Handcuffing and shackling children is despicable. Yes, children break rules and need discipline. Yes, they can be rude and annoying. Yes, they can push your limits even if you are a trained professional. None of this means you can handcuff children to a stair railing and leave them unattended for hours.
You wouldn't treat a dog that way. Some might not care, but you do. You get upset when you see a dog chained on a short leash trying to eat. If you notice it's been a few hours, you might really get upset at the unfeeling and neglectful owner. You might be brave enough to free the dog or to confront the owner.
Each of us should care that Jackson children are treated worse than dogs for not adhering to a strict dress code or sassing back. It's not uncommon for kids to do things like that. You did it yourself, or your own kids do it now. These acts are not crimes.
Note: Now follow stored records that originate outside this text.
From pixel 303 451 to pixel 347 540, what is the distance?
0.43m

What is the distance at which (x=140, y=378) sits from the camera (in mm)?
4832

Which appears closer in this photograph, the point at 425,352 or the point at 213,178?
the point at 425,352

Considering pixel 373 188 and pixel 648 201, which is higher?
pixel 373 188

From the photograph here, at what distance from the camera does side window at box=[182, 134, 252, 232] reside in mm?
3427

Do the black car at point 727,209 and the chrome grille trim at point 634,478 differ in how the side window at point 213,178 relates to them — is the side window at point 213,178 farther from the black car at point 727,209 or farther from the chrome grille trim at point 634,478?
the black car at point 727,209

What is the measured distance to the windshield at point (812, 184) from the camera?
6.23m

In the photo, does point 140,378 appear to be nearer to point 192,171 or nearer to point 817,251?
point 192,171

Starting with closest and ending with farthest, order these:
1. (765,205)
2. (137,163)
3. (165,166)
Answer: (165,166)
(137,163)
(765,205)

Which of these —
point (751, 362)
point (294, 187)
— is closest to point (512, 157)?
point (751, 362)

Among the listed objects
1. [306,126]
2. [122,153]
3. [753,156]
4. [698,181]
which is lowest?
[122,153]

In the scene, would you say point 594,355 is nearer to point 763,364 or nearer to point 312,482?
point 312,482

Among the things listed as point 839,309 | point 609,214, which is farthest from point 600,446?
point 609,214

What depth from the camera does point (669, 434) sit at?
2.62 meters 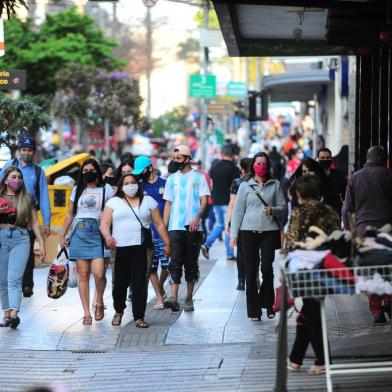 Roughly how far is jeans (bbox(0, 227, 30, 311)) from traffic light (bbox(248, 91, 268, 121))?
18.5 meters

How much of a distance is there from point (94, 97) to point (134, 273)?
30.0 metres

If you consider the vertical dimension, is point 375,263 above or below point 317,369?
above

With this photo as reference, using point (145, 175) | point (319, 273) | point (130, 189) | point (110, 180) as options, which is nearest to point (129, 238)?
point (130, 189)

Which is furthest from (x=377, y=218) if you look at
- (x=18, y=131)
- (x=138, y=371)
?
(x=18, y=131)

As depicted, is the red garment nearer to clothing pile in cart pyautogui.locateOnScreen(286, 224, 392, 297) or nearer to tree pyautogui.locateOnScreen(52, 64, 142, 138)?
clothing pile in cart pyautogui.locateOnScreen(286, 224, 392, 297)

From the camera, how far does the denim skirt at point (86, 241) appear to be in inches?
493

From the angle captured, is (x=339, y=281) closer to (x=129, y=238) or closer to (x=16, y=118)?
(x=129, y=238)

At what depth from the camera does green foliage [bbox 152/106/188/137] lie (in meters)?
70.7

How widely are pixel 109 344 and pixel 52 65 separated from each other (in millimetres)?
36137

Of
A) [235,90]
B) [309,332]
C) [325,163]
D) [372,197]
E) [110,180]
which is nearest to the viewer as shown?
[309,332]

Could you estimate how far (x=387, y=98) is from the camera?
15609mm

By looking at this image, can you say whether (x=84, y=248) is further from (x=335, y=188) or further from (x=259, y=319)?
(x=335, y=188)

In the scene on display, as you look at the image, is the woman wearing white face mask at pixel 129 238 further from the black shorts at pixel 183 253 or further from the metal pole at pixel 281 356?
the metal pole at pixel 281 356

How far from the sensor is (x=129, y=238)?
12055mm
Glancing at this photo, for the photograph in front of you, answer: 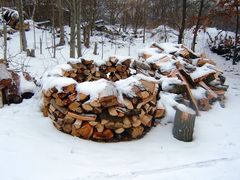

After gathering stories from many students in different grades who attended Capitol City Alternative School at different times, the Southern Poverty Law Center filed a class-action suit in federal court asking Jackson Public Schools to stop excessive and extreme punishments for minor offenses. Students said school security guards handcuffed and shackled them for wearing the wrong shoelaces, talking too loud or having a smart mouth.
You wouldn't treat your great-grandmother that way. Someone might, though, if she were locked away in a nursing home and no one ever visited. It's hard to imagine someone preventing her from going to the bathroom. If you knew, you would at least speak up. You might even take action.
Alternative schools are not prisons. They are schools. Teenagers are not scary monsters or thugs we must eliminate. They are children. Their brains aren't fully developed. Dehumanizing an entire demographic doesn't solve any problems. It makes all of us less human.
Zero-tolerance, tough-love policies that make life unbearable for children who misbehave frequently turn out to be class and race related. Rich kids, white kids, preachers' kids—all kids act up, sass their elders and push the limits of any dress code you impose.
We suspect it was similar repeated infractions of dress-code violations and back-talk that sent these students to alternative school in the first place. But alternative schools shouldn't be a holding pen where one assumes its students are only going to jail anyway. With that assumption, school administrators might act as if the children in their care are only there to learn what they can expect in prison.
Except prisoners get legal counsel, and children don't always have an advocate. Their parents don't always know what happens at school.
The Southern Poverty Law Center says Capitol City Alternative School and JPS violated the constitutional rights of these Jackson children. If they are right, this abuse must stop.